Anunciado pela União em março, o corte de quase R$ 40 bilhões em gastos tem afetado diretamente a operação de instituições e órgãos federais que atuam em Santa Catarina. Além da Polícia Federal, que ficou mais de duas semanas sem emitir passaportes, quem mais está sofrendo com a falta de recursos é a Polícia Rodoviária Federal (PRF), que precisou reduzir o trabalho de patrulhamento e fiscalização das estradas, inclusive com a suspensão de atividades aéreas e de escolta de cargas superdimensionadas.


De acordo com o inspetor Adriano Fiamoncini, na regional catarinense da unidade, o orçamento total para 2017 caiu de R$ 10 milhões para R$ 7,2 milhões. Nacionalmente, o valor total previsto caiu de R$ 420 milhões para R$ 236 milhões, uma queda de 44%. A sede da PRF em Brasília absorverá a maior parte desta redução a fim de evitar que as superintendências regionais sofram menos, porém apenas isso não tem sido suficiente e no começo de julho veio uma determinação da direção-geral em Brasília .

— Foram determinadas medidas de adequação orçamentária que afetaram também a área finalística da PRF,  que é a fiscalização das rodovias federais — conta Fiamoncini.

Em meio a esse ambiente de contenção de custos, os policiais têm procurado otimizar as operações. Com o objetivo de economizar combustível, por exemplo, a orientação é que aproveitem, quando possível, os deslocamentos para atender acidentes para também realizar patrulhamentos estáticos.


— Ocorrências como acidentes, combate à criminalidade, auxílios a usuários ou que possam gerar alteração do fluxo das rodovias continuam a ser atendidas normalmente. Os policiais irão aproveitar estes deslocamentos para também executar fiscalização de trânsito, preferencialmente de forma estática, visando a economia de combustível — acrescenta o inspetor.

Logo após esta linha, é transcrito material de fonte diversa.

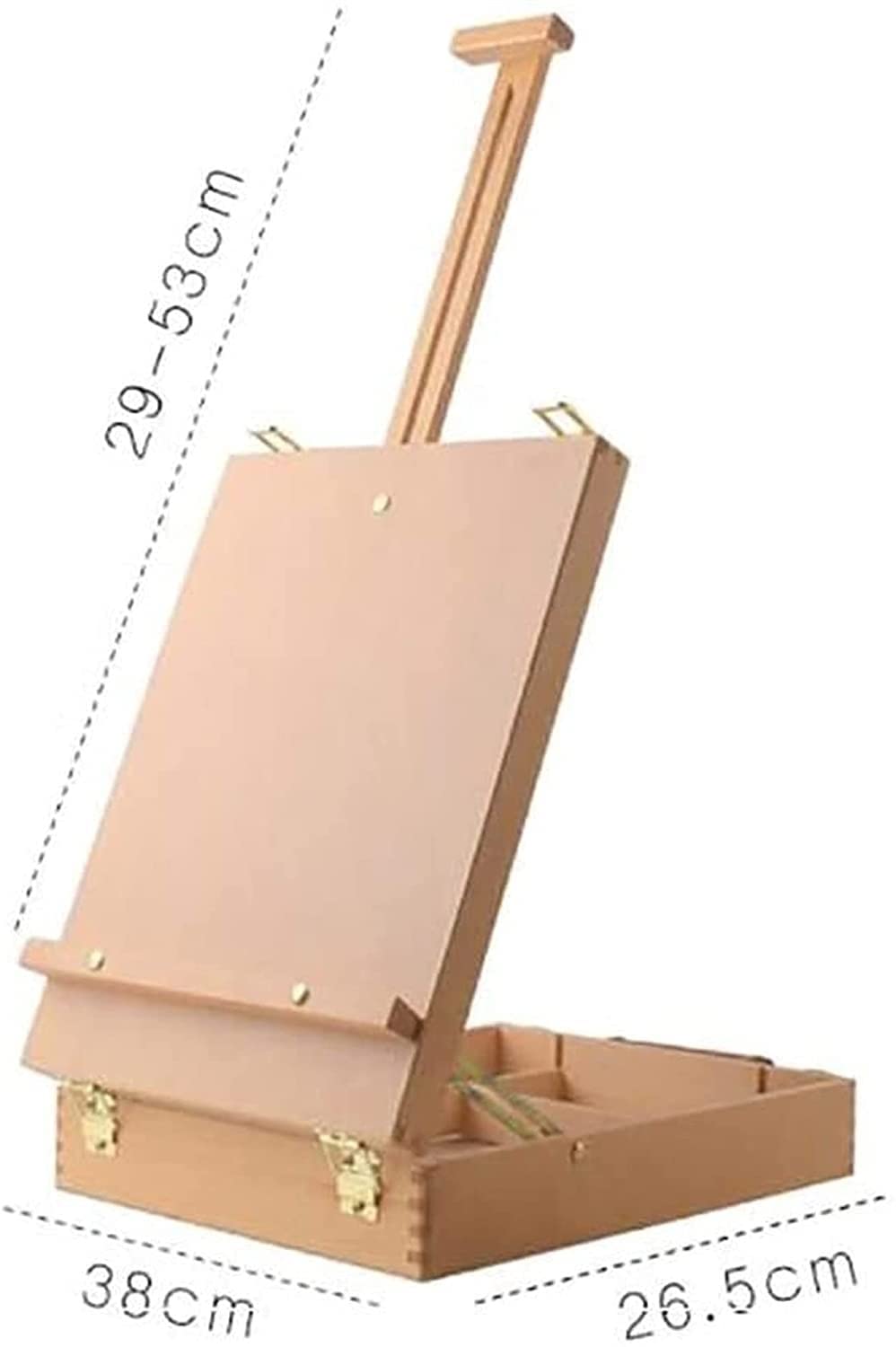 Wooden Table Box Easel,Artist Easel,Wood Table Sketching Box, Portable Desktop Storage Table for Artist Display Painting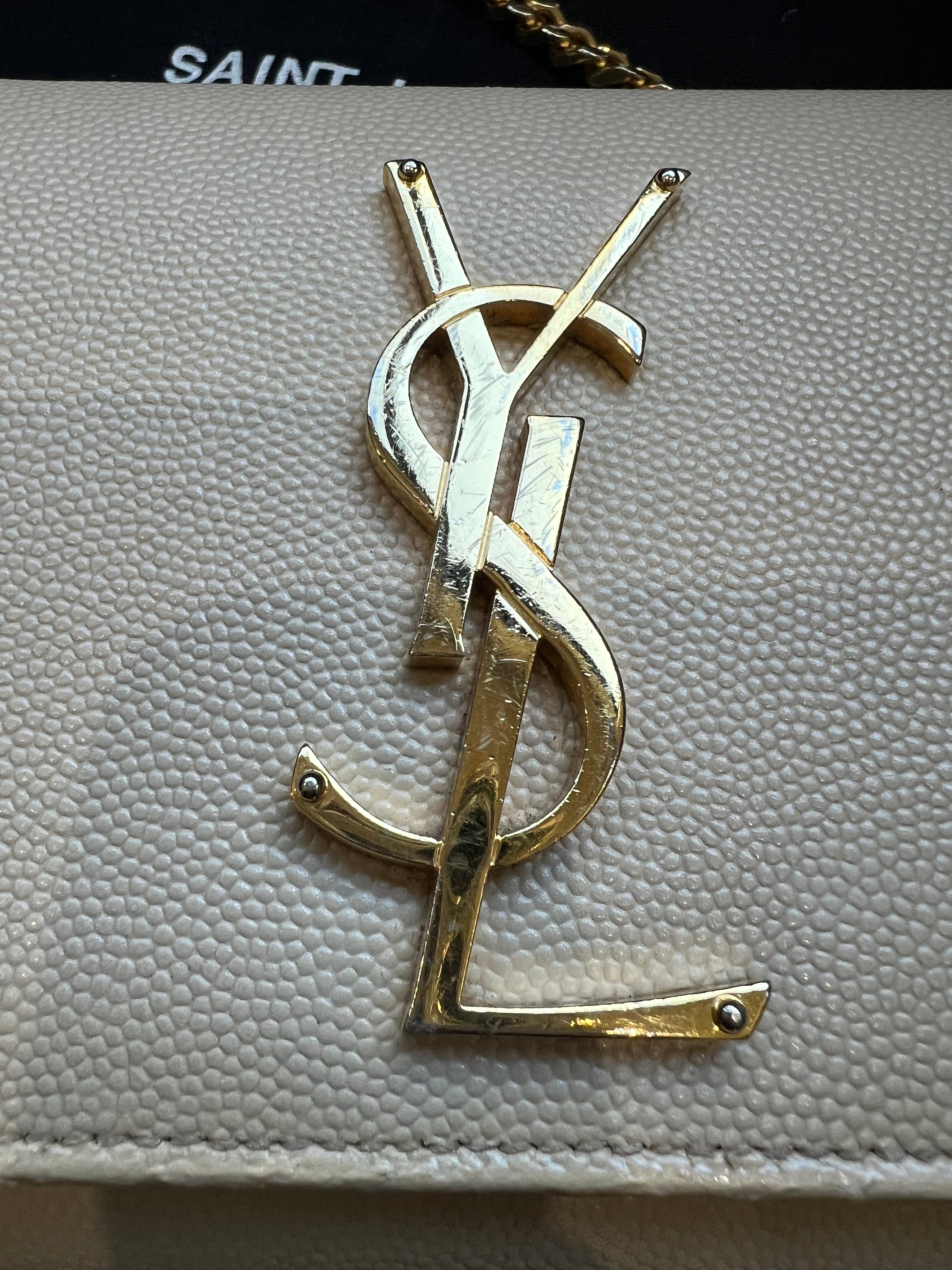 YSL beige Kate bag in small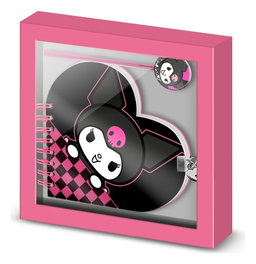 Hello Kitty Libreta con bolígrafo Set de regalo Kuromi Chess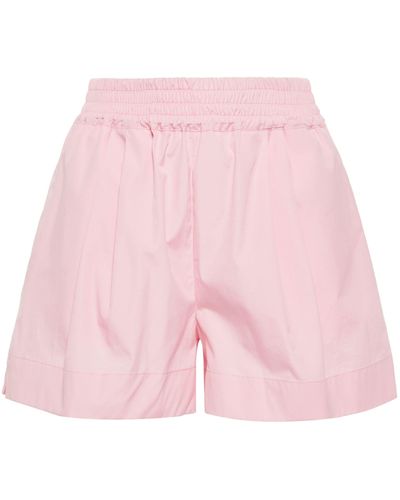 Marni Poplin Organic-cotton Shorts - Pink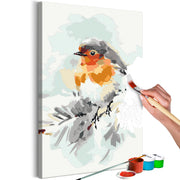 Paint By Numbers Kit - Bird on the Christmas Tree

Instituições de ensino preveem dificuldades

Embora a situação não seja tão dramática quanto na PRF, as instituições federais de ensino também estão com restrições significativas. No caso do Instituto Federal de Santa Catarina (IFSC), o orçamento deste ano, de R$ 60 milhões, é o mesmo de 2012, quando o número de alunos era metade do atual.

Segundo o instituto, os contingenciamentos começaram em 2016 e, para este ano, a expectativa é que sejam liberados até 85% do custeio e 60% do investimento, porém a aplicação desses recursos está submetida à arrecadação. Caso o dinheiro não chegue, há risco de não pagamento de contratos terceirizados e continuados nos meses de novembro e dezembro. Desde 2015, aliás, foram cortados 110 postos de trabalho terceirizados.

Além disso, os insumos para aulas práticas estão "limitados ao mínimo necessário" e as obras de expansão nos campi de Xanxerê e Tubarão têm sido impactadas.

"Para este ano, tínhamos apenas R$ 7,6 milhões de investimento na Lei Orçamentária Anual e, efetivamente liberados, foram apenas R$ 3,05 milhões. Além disso, como instituição de ensino tecnológico, a aquisição de equipamentos para os laboratórios fica prejudicada", diz uma nota enviada pelo IFSC.


Na UFSC, o cenário é um pouco melhor. Segundo o reitor Luiz Carlos Cancellier, o orçamento de 2017 é, nominalmente, o mesmo de 2016, o que desconsidera a inflação no período. Com isso, há uma pressão por conta do crescimento natural dos contratos de terceirização.

— A nossa ação tem sido de controlar as despesas e repactuar os grandes contratos.  Estamos preocupados no segundo semestre com o contingenciamento orçamentário, pois, mesmo tendo orçamento, não temos certeza se teremos autorização do MEC para executá-lo — afirma Cancellier.


No caso do Instituto Federal Catarinense (IFC), as reduções foram de 10% no custeio e de 40% nos investimentos. A administração, no entanto, tem tentado repor esses valores por meio de emendas parlamentares e Termos de Execução Descentralizada (TED), porém não não tem conseguido de maneira integral. Com menos dinheiro em caixa, a área de extensão precisou cancelar um edital de incetivo à participação em eventos. Na pesquisa, foi cancelado parte dos recursos destinados ao incentivo à inovação entre pesquisadores e empresas. A única área não afetada diretamente foi o ensino, segundo o diretor de Administração e Planejamento do IFC,  Rafael Marcos Fernandes:


— Cortamos o que pudemos e mantivemos o essencial para que os estudantes do IFC não fossem atingidos.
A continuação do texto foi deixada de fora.